■ **WHAT YOU ARE ASKED TO DO**
Will you give the material below again, every line exactly as it is?

■ **DATA EXTRACT**
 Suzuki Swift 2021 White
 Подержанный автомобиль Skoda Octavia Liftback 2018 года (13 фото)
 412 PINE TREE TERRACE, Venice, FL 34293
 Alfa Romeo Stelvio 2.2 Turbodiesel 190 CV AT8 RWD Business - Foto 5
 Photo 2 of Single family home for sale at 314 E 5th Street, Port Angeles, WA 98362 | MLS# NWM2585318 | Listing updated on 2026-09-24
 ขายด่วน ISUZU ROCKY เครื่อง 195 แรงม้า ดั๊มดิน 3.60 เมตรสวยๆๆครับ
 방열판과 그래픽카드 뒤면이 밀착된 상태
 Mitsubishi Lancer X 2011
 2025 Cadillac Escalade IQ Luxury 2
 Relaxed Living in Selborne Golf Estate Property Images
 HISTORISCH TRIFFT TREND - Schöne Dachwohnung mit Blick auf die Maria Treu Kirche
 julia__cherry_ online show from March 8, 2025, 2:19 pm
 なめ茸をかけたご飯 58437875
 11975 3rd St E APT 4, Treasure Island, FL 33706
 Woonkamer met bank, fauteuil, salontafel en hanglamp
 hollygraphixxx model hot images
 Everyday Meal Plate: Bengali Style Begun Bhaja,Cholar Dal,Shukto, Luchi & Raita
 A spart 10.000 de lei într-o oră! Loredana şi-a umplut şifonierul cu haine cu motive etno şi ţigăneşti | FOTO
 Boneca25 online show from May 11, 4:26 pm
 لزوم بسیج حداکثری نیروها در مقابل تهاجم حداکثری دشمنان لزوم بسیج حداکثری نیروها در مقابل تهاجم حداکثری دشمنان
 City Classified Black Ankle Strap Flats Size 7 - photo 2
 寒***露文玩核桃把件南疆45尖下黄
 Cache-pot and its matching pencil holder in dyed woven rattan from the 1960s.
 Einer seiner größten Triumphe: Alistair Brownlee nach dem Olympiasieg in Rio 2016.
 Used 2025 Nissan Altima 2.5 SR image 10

■ **SOLUTION BELOW**
 Suzuki Swift 2021 White
 Подержанный автомобиль Skoda Octavia Liftback 2018 года (13 фото)
 412 PINE TREE TERRACE, Venice, FL 34293
 Alfa Romeo Stelvio 2.2 Turbodiesel 190 CV AT8 RWD Business - Foto 5
 Photo 2 of Single family home for sale at 314 E 5th Street, Port Angeles, WA 98362 | MLS# NWM2585318 | Listing updated on 2026-09-24
 ขายด่วน ISUZU ROCKY เครื่อง 195 แรงม้า ดั๊มดิน 3.60 เมตรสวยๆๆครับ
 방열판과 그래픽카드 뒤면이 밀착된 상태
 Mitsubishi Lancer X 2011
 2025 Cadillac Escalade IQ Luxury 2
 Relaxed Living in Selborne Golf Estate Property Images
 HISTORISCH TRIFFT TREND - Schöne Dachwohnung mit Blick auf die Maria Treu Kirche
 julia__cherry_ online show from March 8, 2025, 2:19 pm
 なめ茸をかけたご飯 58437875
 11975 3rd St E APT 4, Treasure Island, FL 33706
 Woonkamer met bank, fauteuil, salontafel en hanglamp
 hollygraphixxx model hot images
 Everyday Meal Plate: Bengali Style Begun Bhaja,Cholar Dal,Shukto, Luchi & Raita
 A spart 10.000 de lei într-o oră! Loredana şi-a umplut şifonierul cu haine cu motive etno şi ţigăneşti | FOTO
 Boneca25 online show from May 11, 4:26 pm
 لزوم بسیج حداکثری نیروها در مقابل تهاجم حداکثری دشمنان لزوم بسیج حداکثری نیروها در مقابل تهاجم حداکثری دشمنان
 City Classified Black Ankle Strap Flats Size 7 - photo 2
 寒***露文玩核桃把件南疆45尖下黄
 Cache-pot and its matching pencil holder in dyed woven rattan from the 1960s.
 Einer seiner größten Triumphe: Alistair Brownlee nach dem Olympiasieg in Rio 2016.
 Used 2025 Nissan Altima 2.5 SR image 10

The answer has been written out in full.